EXERCISE DESCRIPTION. Look through the records below for the line with "thumbnail image 1". Return that line and each one after it up to and including the line with "Modern Double Bed-ID:115230124", exactly.

DATASET EXTRACT.
◆ ◆ ◆ ◆ ◆
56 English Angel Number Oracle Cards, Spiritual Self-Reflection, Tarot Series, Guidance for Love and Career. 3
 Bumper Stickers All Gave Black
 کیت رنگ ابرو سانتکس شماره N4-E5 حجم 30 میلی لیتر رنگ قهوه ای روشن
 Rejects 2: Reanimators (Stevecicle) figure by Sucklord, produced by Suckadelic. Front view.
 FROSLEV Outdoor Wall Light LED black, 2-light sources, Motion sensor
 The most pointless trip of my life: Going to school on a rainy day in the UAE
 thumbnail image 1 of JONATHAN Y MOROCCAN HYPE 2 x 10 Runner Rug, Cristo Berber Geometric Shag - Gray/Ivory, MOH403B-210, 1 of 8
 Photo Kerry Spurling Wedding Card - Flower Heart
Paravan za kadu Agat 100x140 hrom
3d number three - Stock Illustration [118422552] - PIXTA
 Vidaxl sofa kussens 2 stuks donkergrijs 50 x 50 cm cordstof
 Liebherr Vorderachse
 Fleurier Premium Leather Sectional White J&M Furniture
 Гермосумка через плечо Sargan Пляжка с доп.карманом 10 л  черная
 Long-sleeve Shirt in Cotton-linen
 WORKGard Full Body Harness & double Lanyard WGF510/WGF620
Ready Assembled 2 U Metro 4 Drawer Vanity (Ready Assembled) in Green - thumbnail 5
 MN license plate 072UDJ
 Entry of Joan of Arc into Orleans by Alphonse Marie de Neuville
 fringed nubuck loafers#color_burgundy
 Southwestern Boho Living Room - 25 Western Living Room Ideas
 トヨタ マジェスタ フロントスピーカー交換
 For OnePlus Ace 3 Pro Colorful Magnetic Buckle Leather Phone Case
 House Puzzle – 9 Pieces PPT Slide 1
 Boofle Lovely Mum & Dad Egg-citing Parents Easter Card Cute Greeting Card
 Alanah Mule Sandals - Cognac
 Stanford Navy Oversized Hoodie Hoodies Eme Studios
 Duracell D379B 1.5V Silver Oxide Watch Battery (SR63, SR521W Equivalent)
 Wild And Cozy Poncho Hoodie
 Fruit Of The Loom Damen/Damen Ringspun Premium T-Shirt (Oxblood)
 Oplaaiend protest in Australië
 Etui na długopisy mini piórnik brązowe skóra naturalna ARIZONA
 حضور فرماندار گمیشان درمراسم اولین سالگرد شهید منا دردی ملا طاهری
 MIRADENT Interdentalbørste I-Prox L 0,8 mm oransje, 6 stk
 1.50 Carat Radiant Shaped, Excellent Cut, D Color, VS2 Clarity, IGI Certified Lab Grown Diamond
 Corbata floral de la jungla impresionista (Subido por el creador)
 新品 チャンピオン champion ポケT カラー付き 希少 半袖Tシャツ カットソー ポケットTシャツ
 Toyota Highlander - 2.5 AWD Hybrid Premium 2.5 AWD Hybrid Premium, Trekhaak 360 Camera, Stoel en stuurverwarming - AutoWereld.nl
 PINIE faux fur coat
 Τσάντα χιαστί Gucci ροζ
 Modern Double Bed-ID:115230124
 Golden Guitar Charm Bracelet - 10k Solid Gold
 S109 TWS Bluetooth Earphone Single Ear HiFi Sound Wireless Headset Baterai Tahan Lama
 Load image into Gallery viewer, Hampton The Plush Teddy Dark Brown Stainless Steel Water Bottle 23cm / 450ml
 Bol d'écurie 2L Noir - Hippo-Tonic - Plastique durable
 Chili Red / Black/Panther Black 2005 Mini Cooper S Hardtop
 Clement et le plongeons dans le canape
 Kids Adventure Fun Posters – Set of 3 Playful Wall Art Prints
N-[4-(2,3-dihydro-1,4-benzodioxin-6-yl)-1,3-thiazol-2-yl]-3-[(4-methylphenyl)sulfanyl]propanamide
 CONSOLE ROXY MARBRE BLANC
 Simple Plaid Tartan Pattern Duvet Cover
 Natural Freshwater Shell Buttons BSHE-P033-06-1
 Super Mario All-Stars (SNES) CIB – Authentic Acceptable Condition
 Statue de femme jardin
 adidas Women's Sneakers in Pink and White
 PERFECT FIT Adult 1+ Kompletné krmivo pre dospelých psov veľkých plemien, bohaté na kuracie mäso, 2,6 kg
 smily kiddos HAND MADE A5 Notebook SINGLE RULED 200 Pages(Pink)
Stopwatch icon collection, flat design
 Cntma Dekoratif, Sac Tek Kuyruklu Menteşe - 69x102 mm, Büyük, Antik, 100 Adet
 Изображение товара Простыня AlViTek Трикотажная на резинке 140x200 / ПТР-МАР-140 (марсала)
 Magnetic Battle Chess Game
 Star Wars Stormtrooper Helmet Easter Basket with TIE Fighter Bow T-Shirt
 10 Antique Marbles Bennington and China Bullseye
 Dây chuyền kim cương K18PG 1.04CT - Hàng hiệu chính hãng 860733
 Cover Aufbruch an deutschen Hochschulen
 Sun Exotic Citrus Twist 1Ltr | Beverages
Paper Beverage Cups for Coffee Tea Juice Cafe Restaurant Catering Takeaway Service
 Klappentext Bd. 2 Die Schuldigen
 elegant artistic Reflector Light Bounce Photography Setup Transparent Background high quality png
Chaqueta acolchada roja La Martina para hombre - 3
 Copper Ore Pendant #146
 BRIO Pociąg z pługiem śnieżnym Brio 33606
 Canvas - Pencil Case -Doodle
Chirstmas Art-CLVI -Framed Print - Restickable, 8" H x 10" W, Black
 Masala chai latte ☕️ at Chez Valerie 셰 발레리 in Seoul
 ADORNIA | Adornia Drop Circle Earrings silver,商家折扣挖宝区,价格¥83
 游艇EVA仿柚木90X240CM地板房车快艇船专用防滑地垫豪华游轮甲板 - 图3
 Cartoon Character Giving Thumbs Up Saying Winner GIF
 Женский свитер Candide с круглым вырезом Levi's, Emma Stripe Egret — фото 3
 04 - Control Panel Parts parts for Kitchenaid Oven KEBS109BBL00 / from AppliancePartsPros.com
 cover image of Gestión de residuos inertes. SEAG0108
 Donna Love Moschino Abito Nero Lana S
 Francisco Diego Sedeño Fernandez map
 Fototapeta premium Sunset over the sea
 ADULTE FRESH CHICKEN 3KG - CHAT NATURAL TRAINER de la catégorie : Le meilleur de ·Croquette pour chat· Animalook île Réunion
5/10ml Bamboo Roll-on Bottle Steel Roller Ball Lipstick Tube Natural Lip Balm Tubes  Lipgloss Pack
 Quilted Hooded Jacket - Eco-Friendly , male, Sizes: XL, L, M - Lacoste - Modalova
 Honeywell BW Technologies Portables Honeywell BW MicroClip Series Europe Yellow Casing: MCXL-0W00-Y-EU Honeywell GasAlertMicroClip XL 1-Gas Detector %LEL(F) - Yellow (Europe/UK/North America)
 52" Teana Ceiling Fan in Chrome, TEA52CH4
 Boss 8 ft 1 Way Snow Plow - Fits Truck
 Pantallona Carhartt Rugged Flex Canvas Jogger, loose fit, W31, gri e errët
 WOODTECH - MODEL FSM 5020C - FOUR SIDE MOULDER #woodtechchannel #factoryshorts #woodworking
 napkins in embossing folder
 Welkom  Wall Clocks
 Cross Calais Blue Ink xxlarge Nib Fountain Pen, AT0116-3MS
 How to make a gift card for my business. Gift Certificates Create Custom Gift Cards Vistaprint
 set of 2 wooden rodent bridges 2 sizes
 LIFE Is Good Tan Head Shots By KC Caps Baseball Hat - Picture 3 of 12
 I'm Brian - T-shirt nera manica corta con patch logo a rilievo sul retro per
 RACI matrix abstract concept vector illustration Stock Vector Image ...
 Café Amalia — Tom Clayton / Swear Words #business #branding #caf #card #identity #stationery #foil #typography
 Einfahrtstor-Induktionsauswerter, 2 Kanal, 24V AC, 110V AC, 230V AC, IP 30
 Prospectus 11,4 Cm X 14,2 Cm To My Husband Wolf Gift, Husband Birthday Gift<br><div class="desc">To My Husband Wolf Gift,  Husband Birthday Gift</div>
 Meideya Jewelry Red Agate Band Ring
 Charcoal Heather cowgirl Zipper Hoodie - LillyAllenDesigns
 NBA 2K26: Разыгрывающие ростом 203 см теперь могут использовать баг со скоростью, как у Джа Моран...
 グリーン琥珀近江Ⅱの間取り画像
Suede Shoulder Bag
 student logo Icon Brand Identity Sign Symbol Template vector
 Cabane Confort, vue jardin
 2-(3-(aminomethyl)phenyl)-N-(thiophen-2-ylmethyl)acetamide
◆ ◆ ◆ ◆ ◆
TASK SOLUTION.
 thumbnail image 1 of JONATHAN Y MOROCCAN HYPE 2 x 10 Runner Rug, Cristo Berber Geometric Shag - Gray/Ivory, MOH403B-210, 1 of 8
 Photo Kerry Spurling Wedding Card - Flower Heart
Paravan za kadu Agat 100x140 hrom
3d number three - Stock Illustration [118422552] - PIXTA
 Vidaxl sofa kussens 2 stuks donkergrijs 50 x 50 cm cordstof
 Liebherr Vorderachse
 Fleurier Premium Leather Sectional White J&M Furniture
 Гермосумка через плечо Sargan Пляжка с доп.карманом 10 л  черная
 Long-sleeve Shirt in Cotton-linen
 WORKGard Full Body Harness & double Lanyard WGF510/WGF620
Ready Assembled 2 U Metro 4 Drawer Vanity (Ready Assembled) in Green - thumbnail 5
 MN license plate 072UDJ
 Entry of Joan of Arc into Orleans by Alphonse Marie de Neuville
 fringed nubuck loafers#color_burgundy
 Southwestern Boho Living Room - 25 Western Living Room Ideas
 トヨタ マジェスタ フロントスピーカー交換
 For OnePlus Ace 3 Pro Colorful Magnetic Buckle Leather Phone Case
 House Puzzle – 9 Pieces PPT Slide 1
 Boofle Lovely Mum & Dad Egg-citing Parents Easter Card Cute Greeting Card
 Alanah Mule Sandals - Cognac
 Stanford Navy Oversized Hoodie Hoodies Eme Studios
 Duracell D379B 1.5V Silver Oxide Watch Battery (SR63, SR521W Equivalent)
 Wild And Cozy Poncho Hoodie
 Fruit Of The Loom Damen/Damen Ringspun Premium T-Shirt (Oxblood)
 Oplaaiend protest in Australië
 Etui na długopisy mini piórnik brązowe skóra naturalna ARIZONA
 حضور فرماندار گمیشان درمراسم اولین سالگرد شهید منا دردی ملا طاهری
 MIRADENT Interdentalbørste I-Prox L 0,8 mm oransje, 6 stk
 1.50 Carat Radiant Shaped, Excellent Cut, D Color, VS2 Clarity, IGI Certified Lab Grown Diamond
 Corbata floral de la jungla impresionista (Subido por el creador)
 新品 チャンピオン champion ポケT カラー付き 希少 半袖Tシャツ カットソー ポケットTシャツ
 Toyota Highlander - 2.5 AWD Hybrid Premium 2.5 AWD Hybrid Premium, Trekhaak 360 Camera, Stoel en stuurverwarming - AutoWereld.nl
 PINIE faux fur coat
 Τσάντα χιαστί Gucci ροζ
 Modern Double Bed-ID:115230124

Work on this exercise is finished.